▸ **Task brief**
Copy out each line of the data that holds the string "woven".

▸ **Recorded information**
------------------------------------------------
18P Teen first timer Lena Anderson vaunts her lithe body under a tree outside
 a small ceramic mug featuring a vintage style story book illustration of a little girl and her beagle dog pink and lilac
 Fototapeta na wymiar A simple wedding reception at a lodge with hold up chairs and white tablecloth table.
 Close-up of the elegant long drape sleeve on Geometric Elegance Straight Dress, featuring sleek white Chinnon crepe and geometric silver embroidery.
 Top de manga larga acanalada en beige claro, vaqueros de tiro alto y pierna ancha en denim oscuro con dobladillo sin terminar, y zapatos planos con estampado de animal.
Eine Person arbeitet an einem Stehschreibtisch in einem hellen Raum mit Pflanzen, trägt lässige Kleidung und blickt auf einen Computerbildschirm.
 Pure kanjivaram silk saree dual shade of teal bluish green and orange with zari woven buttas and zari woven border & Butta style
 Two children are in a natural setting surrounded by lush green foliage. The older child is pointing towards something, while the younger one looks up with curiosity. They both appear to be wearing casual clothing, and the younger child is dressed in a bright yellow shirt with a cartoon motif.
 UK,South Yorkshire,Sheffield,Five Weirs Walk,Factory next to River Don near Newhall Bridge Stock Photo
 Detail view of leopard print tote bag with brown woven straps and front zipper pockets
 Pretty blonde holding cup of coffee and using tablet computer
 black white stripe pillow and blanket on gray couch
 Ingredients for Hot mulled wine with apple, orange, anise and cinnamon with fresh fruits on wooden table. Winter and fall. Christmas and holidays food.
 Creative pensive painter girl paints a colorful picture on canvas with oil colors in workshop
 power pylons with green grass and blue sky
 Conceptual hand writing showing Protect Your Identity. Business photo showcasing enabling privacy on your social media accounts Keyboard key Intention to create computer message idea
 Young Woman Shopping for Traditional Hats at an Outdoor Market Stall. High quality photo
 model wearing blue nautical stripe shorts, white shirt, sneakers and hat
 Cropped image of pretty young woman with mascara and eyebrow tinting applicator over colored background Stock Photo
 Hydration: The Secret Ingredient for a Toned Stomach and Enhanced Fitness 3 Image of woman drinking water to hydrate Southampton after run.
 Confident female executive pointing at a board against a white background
------------------------------------------------
▸ **Answer section**
 Pure kanjivaram silk saree dual shade of teal bluish green and orange with zari woven buttas and zari woven border & Butta style
 Detail view of leopard print tote bag with brown woven straps and front zipper pockets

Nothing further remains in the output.